(Dataset content Opens)

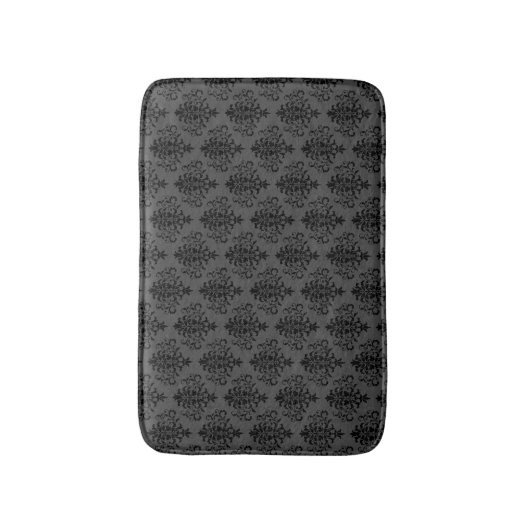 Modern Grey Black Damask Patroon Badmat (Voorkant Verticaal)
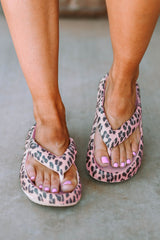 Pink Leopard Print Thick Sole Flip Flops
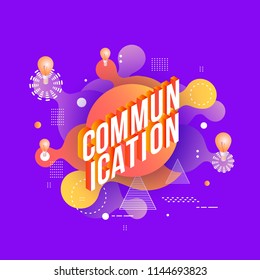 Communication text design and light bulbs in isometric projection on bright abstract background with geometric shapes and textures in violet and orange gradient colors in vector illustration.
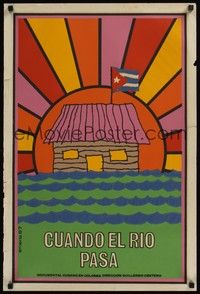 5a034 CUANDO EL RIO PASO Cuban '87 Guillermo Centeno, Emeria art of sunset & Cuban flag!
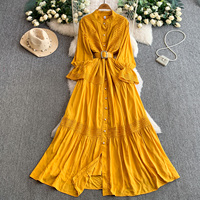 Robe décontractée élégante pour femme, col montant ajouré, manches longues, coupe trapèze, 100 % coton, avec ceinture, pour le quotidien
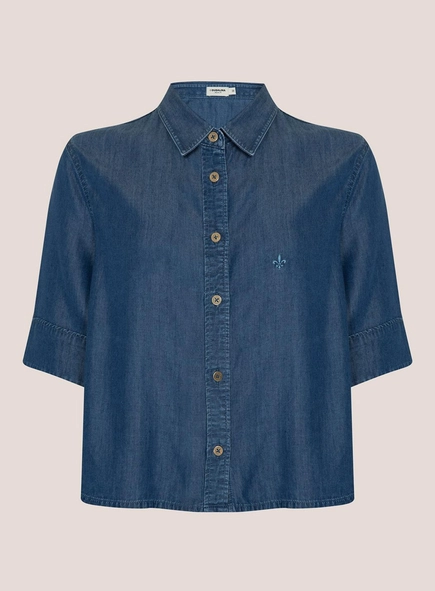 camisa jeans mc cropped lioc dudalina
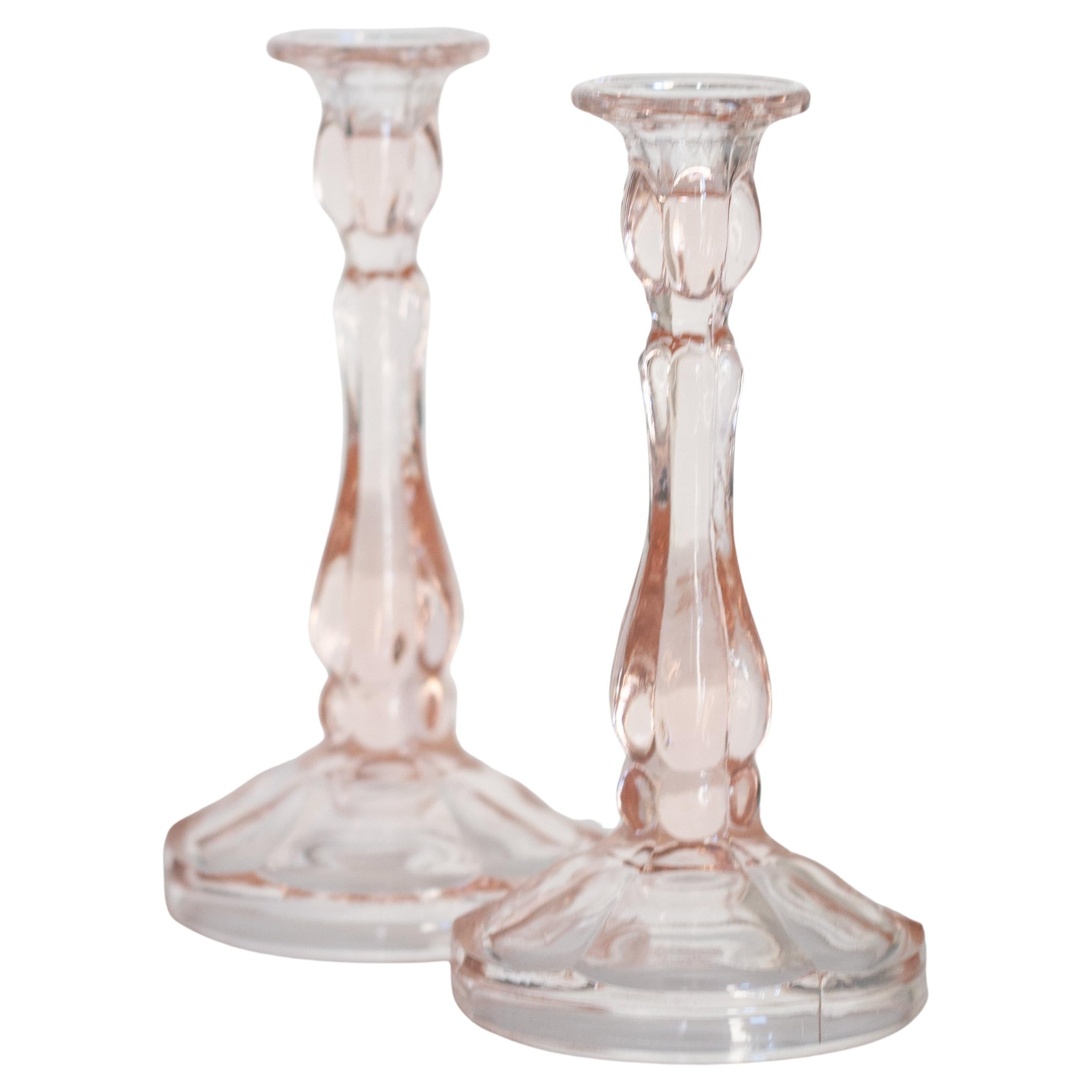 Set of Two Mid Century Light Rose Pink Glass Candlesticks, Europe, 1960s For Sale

(Dataset content Closes)

* **Exercise objective**:
From the records above, copy exactly the stretch from the line holding "5a034 CUANDO EL" through the line holding "camisa jeans mc cropped lioc dudalina", both ends included, without the pictures.

* **Solution to this task**:
 5a034 CUANDO EL RIO PASO Cuban '87 Guillermo Centeno, Emeria art of sunset & Cuban flag!
 Robe décontractée élégante pour femme, col montant ajouré, manches longues, coupe trapèze, 100 % coton, avec ceinture, pour le quotidien
 camisa jeans mc cropped lioc dudalina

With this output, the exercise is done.